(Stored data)
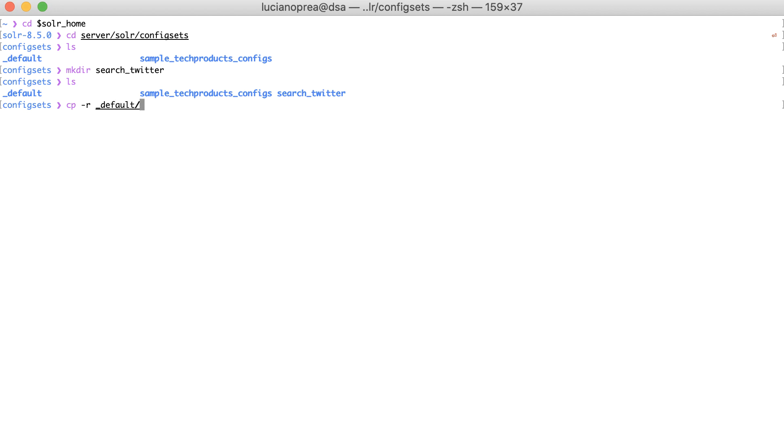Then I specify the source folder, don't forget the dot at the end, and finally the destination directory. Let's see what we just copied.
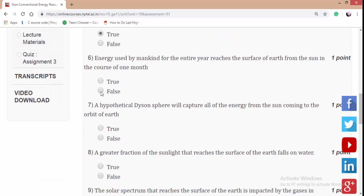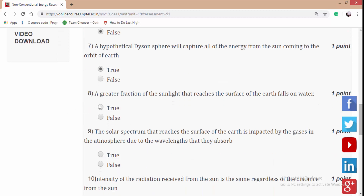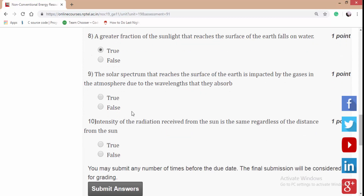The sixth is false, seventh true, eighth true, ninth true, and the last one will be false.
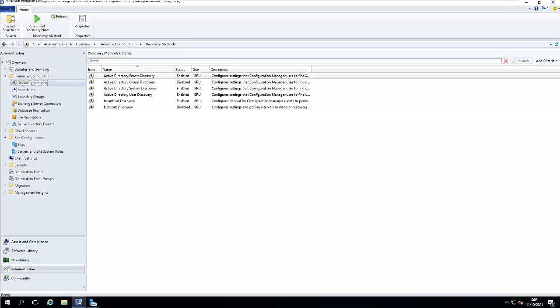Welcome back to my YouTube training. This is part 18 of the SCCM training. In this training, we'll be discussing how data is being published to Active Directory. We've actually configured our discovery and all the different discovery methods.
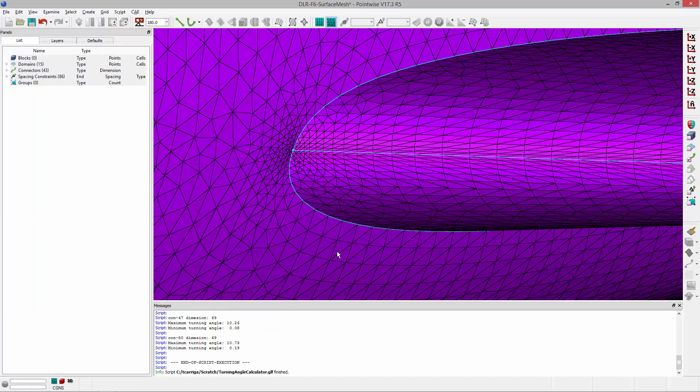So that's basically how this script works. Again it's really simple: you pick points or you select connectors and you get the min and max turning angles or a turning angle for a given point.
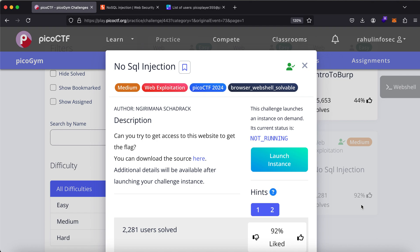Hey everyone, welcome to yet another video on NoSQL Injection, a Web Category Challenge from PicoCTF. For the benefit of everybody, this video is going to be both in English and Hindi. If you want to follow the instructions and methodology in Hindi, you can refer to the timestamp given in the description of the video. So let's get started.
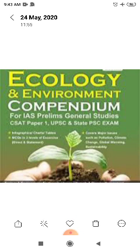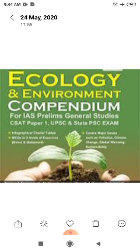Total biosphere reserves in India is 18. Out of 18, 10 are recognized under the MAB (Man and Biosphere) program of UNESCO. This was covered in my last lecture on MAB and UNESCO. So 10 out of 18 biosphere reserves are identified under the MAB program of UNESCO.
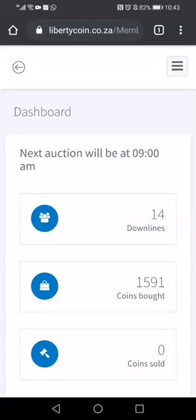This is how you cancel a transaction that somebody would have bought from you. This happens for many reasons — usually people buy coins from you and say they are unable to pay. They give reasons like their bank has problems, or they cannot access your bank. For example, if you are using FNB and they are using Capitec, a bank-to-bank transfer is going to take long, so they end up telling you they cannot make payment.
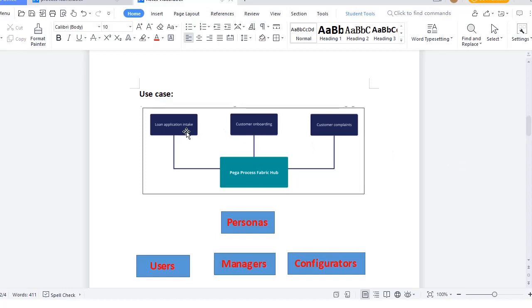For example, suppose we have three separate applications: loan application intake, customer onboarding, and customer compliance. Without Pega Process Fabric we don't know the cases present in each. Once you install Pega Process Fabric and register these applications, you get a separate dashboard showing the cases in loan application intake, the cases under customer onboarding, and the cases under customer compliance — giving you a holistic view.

◆ DIRECTIONS FOR THIS TASK ◆
Send back the entries above exactly. Skip the images.

◆ TASK ANSWER ◆
Then I specify the source folder, don't forget the dot at the end, and finally the destination directory. Let's see what we just copied.
The sixth is false, seventh true, eighth true, ninth true, and the last one will be false.
Welcome back to my YouTube training. This is part 18 of the SCCM training. In this training, we'll be discussing how data is being published to Active Directory. We've actually configured our discovery and all the different discovery methods.
So that's basically how this script works. Again it's really simple: you pick points or you select connectors and you get the min and max turning angles or a turning angle for a given point.
Hey everyone, welcome to yet another video on NoSQL Injection, a Web Category Challenge from PicoCTF. For the benefit of everybody, this video is going to be both in English and Hindi. If you want to follow the instructions and methodology in Hindi, you can refer to the timestamp given in the description of the video. So let's get started.
Total biosphere reserves in India is 18. Out of 18, 10 are recognized under the MAB (Man and Biosphere) program of UNESCO. This was covered in my last lecture on MAB and UNESCO. So 10 out of 18 biosphere reserves are identified under the MAB program of UNESCO.
This is how you cancel a transaction that somebody would have bought from you. This happens for many reasons — usually people buy coins from you and say they are unable to pay. They give reasons like their bank has problems, or they cannot access your bank. For example, if you are using FNB and they are using Capitec, a bank-to-bank transfer is going to take long, so they end up telling you they cannot make payment.
For example, suppose we have three separate applications: loan application intake, customer onboarding, and customer compliance. Without Pega Process Fabric we don't know the cases present in each. Once you install Pega Process Fabric and register these applications, you get a separate dashboard showing the cases in loan application intake, the cases under customer onboarding, and the cases under customer compliance — giving you a holistic view.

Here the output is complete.